_What the task requires_
When you repeat the entries below, please keep them exact and leave out the pictures.

#### Data for review

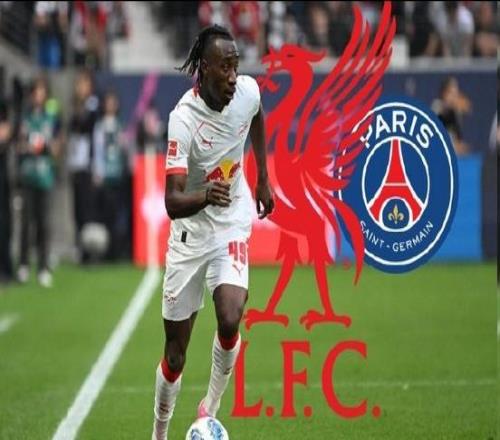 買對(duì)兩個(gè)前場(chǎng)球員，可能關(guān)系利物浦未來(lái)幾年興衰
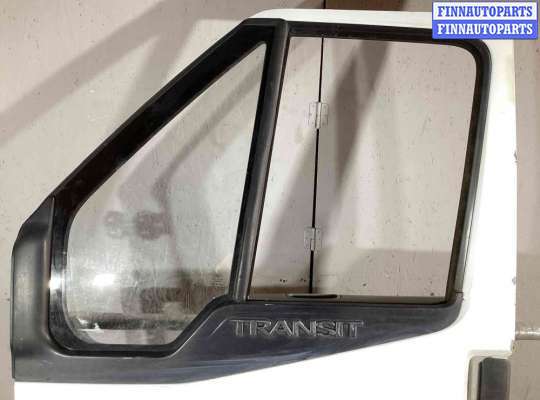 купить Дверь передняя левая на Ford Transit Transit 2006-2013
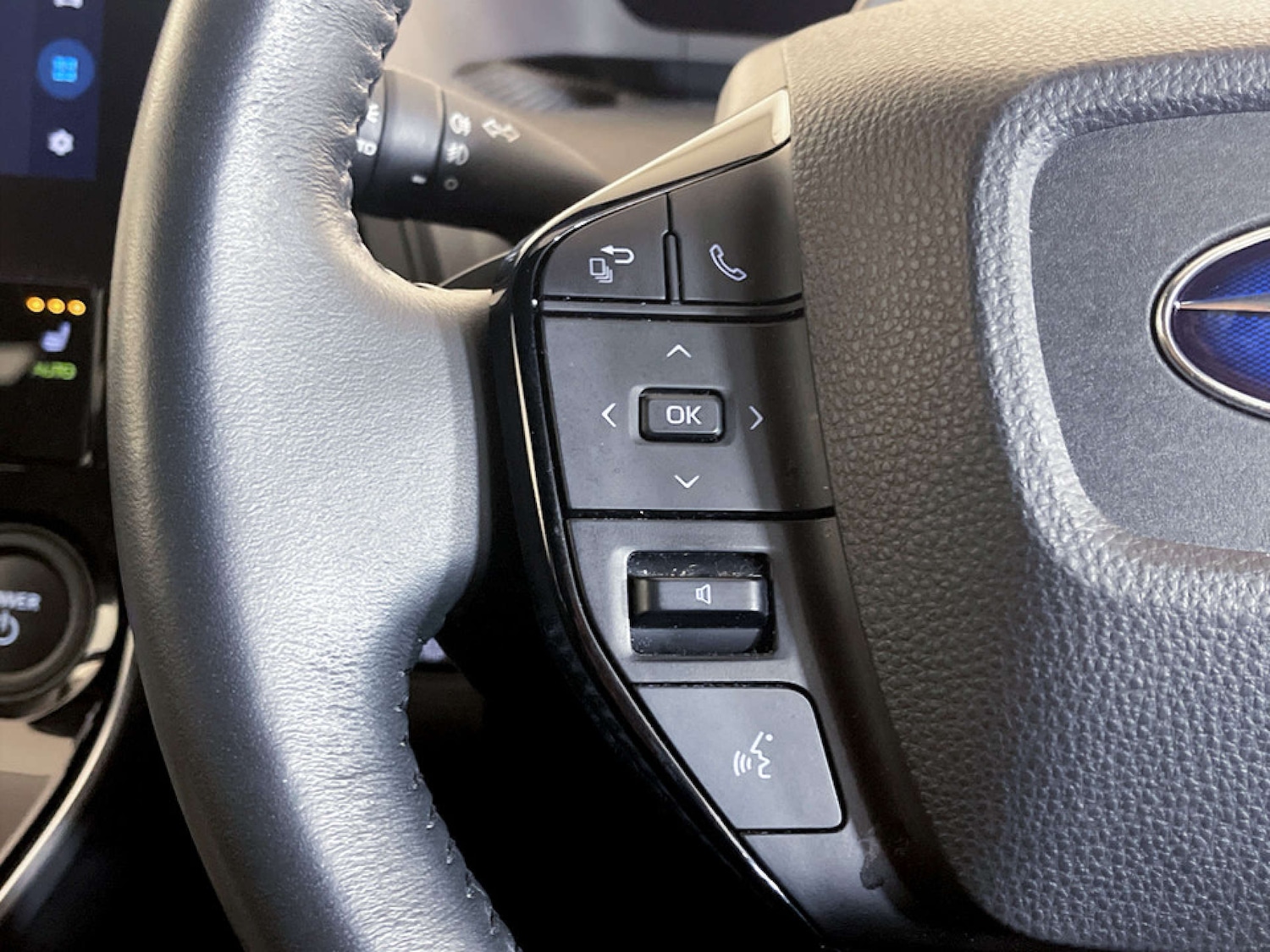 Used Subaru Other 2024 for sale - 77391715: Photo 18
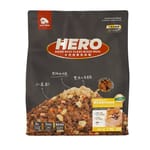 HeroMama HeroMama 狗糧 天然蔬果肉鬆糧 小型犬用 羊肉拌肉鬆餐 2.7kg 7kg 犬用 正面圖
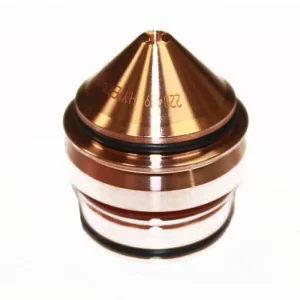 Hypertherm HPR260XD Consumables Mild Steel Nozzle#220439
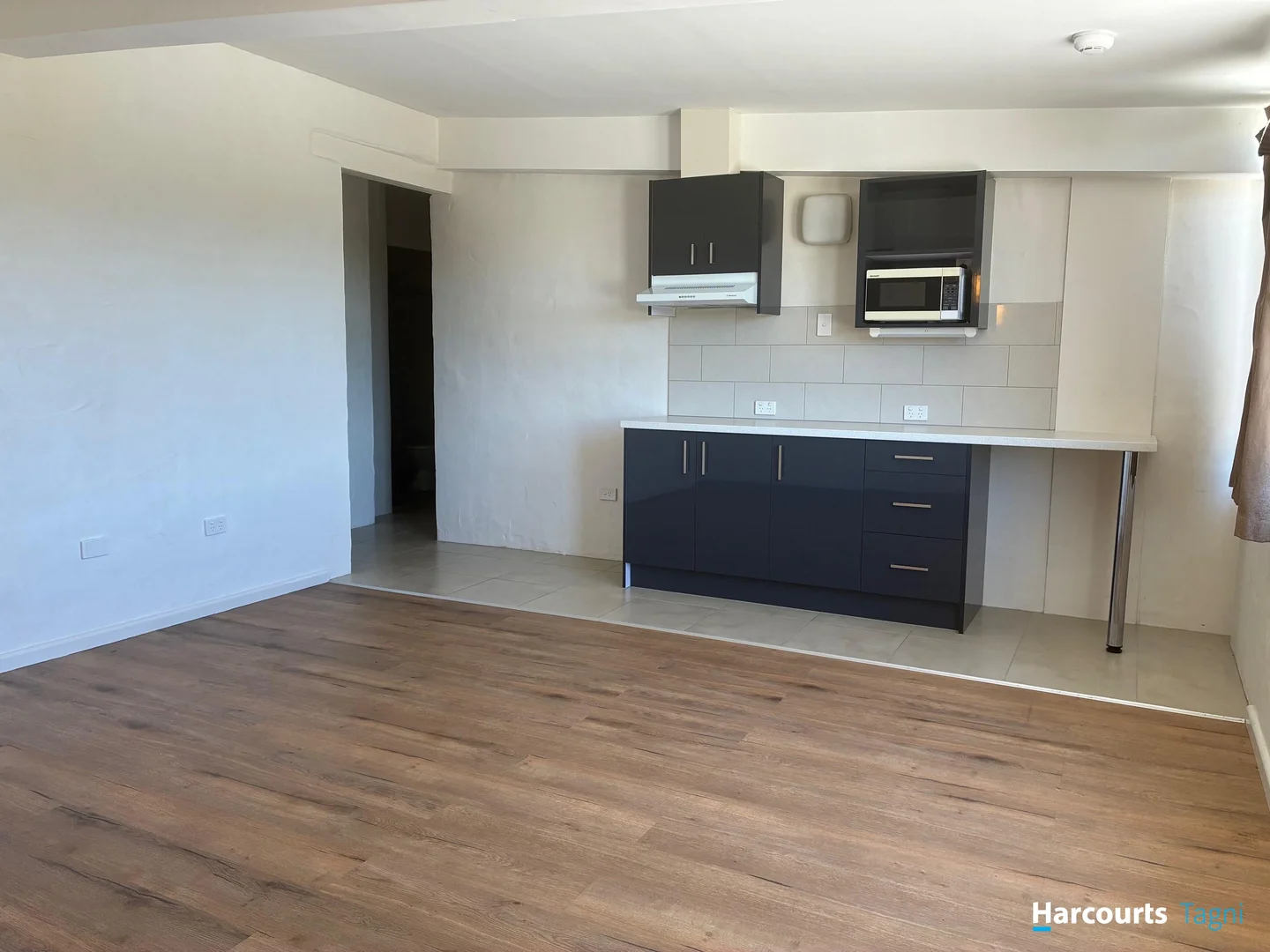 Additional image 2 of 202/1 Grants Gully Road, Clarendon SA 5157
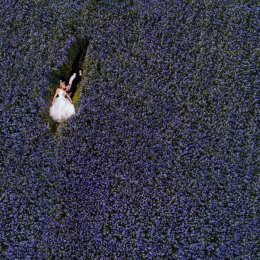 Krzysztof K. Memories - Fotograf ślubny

########

_Exercise result_
 買對(duì)兩個(gè)前場(chǎng)球員，可能關(guān)系利物浦未來(lái)幾年興衰
 купить Дверь передняя левая на Ford Transit Transit 2006-2013
 Used Subaru Other 2024 for sale - 77391715: Photo 18
 HeroMama HeroMama 狗糧 天然蔬果肉鬆糧 小型犬用 羊肉拌肉鬆餐 2.7kg 7kg 犬用 正面圖
 Hypertherm HPR260XD Consumables Mild Steel Nozzle#220439
 Additional image 2 of 202/1 Grants Gully Road, Clarendon SA 5157
 Krzysztof K. Memories - Fotograf ślubny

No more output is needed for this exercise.